Agora, salta sobre o abismo e sabe que depressa

serás levado como uma pluma.

 

Serás iniciado em todas as magias;

aprenderás o dom das profecias, porque deves conhecer

que, após o futuro, vem a noite e a chama.

É muito a habilidade de tornar águas em vinhos

e romper caminho sobre sargaços e a espuma

de um mar que, escravo teu, te obedeça” .(3)

 

Aprendi a te escutar e consegui aceitar as tuas idéias, mas, após intermináveis horas de exposição, eu, cansado, extenuado, sem energias, ficava feliz ao ver-te calar a boca.

Muitos desejavam que a tua boca se calasse! Medo da verdade nua e crua? A inveja sobrava e a coragem faltava àqueles maledicentes e covardes que viviam pelos cantos a te criticar. Proclamaste a todos os ventos:

 

“Não tenho de me explicar.

Vós é quem deveis compreender-me,

ignorantes.

Sou cego, mas não mudo.

Da minha boca jorram

bênçãos e anátemas,

mas todos aqui parecem surdos.

Por que não me enxotais logo daqui?

Subi ao palco

com espadas.

Que nada. Pagastes por isso, e aplaudis a tudo.

 

Ah, a língua!
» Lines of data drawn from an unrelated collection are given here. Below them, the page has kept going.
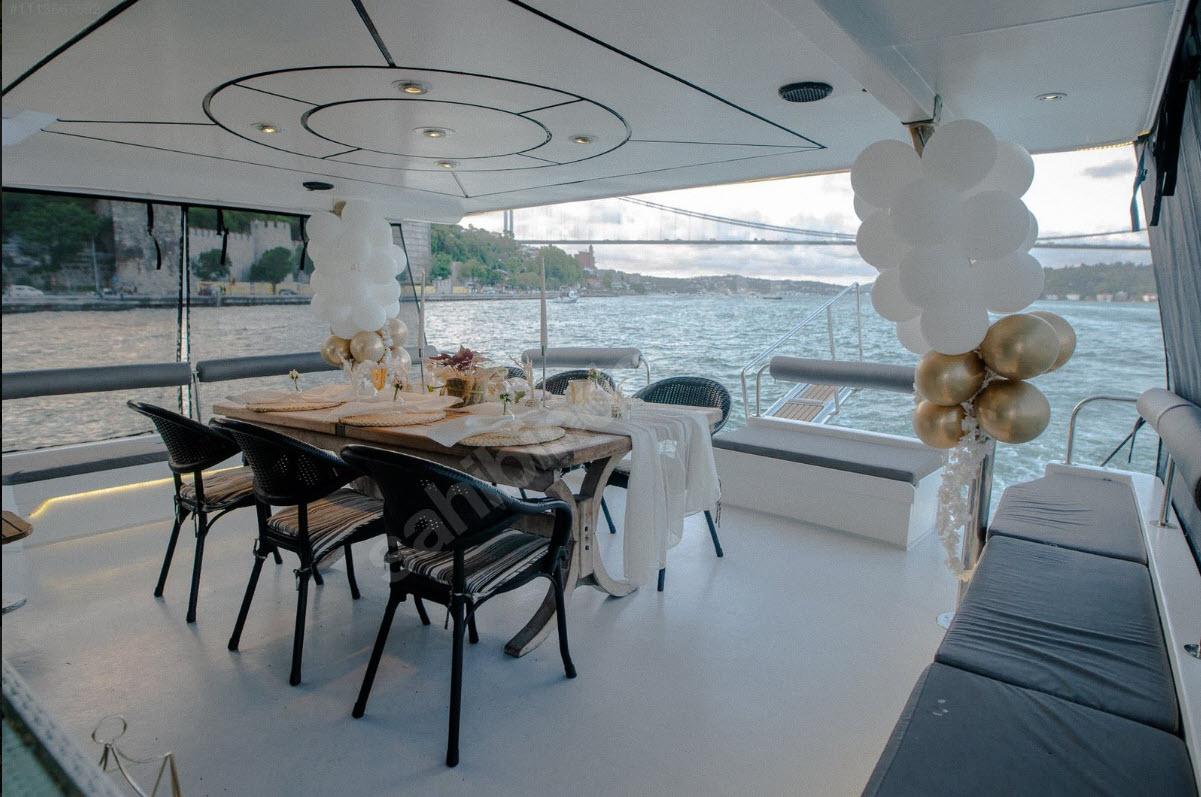 Yacht Gallery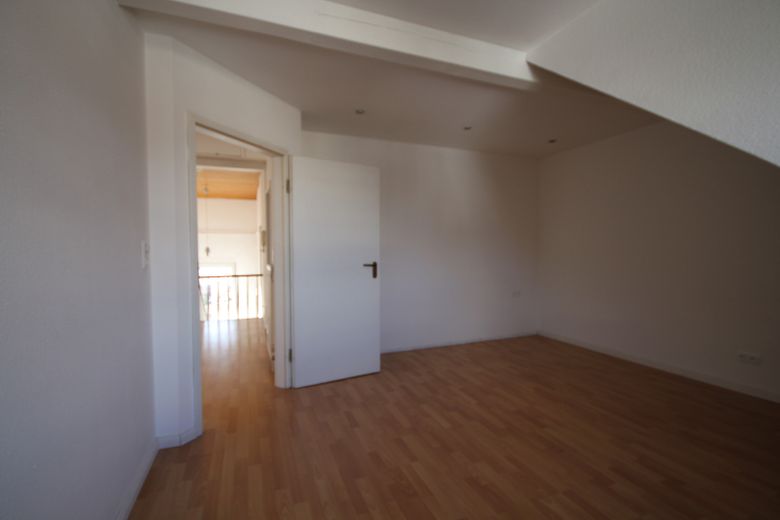 Lichtdurchflutete Komfort-Dachgeschoßwohnung für Zwei in schöner Wohnlage direkt in Neu-Isenburg – Schlafzimmer 1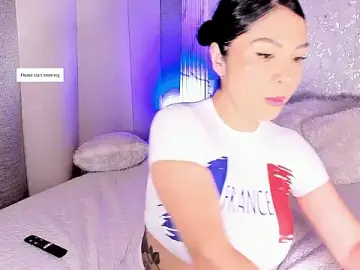 Stripchat Live Sex of AntonellaFerrerr_1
Sem ela, nada de temperos,

e adeus a alguns vícios.

Mas, com esse músculo na boca, o impulso de falar

é irresistível.

E a palavra costuma tirar o sabor de alguns momentos,

Mesmo de uma vida “. (4)

 

Será que ainda nos ronda, tentando despertar em nós o desejo por conhecer segredos e mistérios ou por entender de coisas que nos parece ser de difícil compreensão? (Como é pequeno e limitado o nosso mundo!).

 

Ainda desejas a tua loira encantada? “Modelo de calendário”, como dizia ironicamente uma conhecida!

 

Já encontrastes com Jung para discutir sobre a teoria dos arquétipos?

 

Ainda achas de que o Dire Straits é o viajante intergaláctico que invadiu o nosso planeta azul com sons e músicas de outras esferas?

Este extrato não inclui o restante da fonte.